Somehow it all disappeared then, and he was seventeen years old again: tall and strong and sunburned, with his hair colored copper by the summer and his stomach smooth and flat.
He could’ve turned the head of a woman like Mel back then, but that was a long, long time ago. Talking with her did the trick, though, and she had a way of making him feel like that teenager again; like that’s who she was seeing when she looked at him, instead of the heavyset, aging man he was. She made it all worth dragging his fat ass into the bar and perching on the uncomfortable bar stool to have those summers back, just for the price of a few beers.
She was leaning into him now, talking about her new dog. She’d toyed with the idea of bringing him with her into the bar, but had thought better of it, and was now feeling guilty. He was locked up in one room at the house, waiting for the sheriff to show up. They were going to have to make a dog door or something for him eventually, but she wasn’t sure how big it would need to be.
Also, she laughed, she wasn’t sure she wanted the sheriff taking tools to any part of her house.

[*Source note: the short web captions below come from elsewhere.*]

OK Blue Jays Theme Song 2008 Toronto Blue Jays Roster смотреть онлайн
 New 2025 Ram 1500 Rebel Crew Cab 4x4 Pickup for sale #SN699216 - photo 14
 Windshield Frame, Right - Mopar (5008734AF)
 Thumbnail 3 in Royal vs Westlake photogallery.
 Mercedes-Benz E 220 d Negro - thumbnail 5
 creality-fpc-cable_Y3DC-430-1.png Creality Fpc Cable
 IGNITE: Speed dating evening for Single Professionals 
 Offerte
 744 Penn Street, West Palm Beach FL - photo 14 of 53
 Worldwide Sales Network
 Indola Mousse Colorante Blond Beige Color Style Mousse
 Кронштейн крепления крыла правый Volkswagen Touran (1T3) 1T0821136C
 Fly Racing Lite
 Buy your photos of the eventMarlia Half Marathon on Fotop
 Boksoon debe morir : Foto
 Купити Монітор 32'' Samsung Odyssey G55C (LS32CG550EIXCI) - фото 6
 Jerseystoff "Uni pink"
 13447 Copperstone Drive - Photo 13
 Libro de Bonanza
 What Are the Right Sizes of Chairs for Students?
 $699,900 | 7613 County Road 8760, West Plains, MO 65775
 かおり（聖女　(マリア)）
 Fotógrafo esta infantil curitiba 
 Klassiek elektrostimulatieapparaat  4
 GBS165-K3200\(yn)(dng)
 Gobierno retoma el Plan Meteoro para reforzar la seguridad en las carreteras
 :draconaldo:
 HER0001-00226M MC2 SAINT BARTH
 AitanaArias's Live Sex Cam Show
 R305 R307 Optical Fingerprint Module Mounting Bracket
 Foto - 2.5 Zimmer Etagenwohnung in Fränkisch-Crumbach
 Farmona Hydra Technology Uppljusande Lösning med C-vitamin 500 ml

Buck laughed right along with her. The stories about Sheriff Cherry’s handiwork out at the Far Six were becoming legendary, and unlike Amé Reynosa or his brother’s ugly girlfriend, those were fair game.
“Whatcha going to name him, your dog, I mean?”
Mel straightened some glasses behind the bar. “Don’t know. I was trying on names all day.” She laughed again, smiled. “He doesn’t seem to like any of them.”
Buck pretended to take a drink of his Coors. “I had me a pup once when I was kid. He was a mongrel, a little bit of this, a little bit of that. I called him Rocket, which was funny, ’cause he was kinda dumb and a whole lotta slow. I’d go to school and he would lie
down at the kitchen door and still be lying right there when I got back. I don’t know if he was missing me or just plain lazy, but boy, I loved that dog.”
“Rocket. That’s not bad. I’ll think about it and see what Chris says. I’ll see if the dog likes it, too.” She winked at him.
“You call him whatever you want, Ms. Mel. Dogs and men ain’t that different. We’ll always come runnin’ whenever a pretty woman hollers for us . . .”
* * *
• • •
LATER, HE STEPPED OUTSIDE THE BAR and stretched, popping his shirt free from his sweaty skin. Mel had a couple more hours of work, and on most nights he would have sat there the whole time and then walked her out to her car, even though it was only a few paces away in the lot, but he needed to swing by the bank again tonight, like he’d promised the sheriff, and Javy Cruz said he’d do the escorting for him. He was a bit surprised that Harp had never come in, and was thinking about giving him a call, too, when the van caught his eye.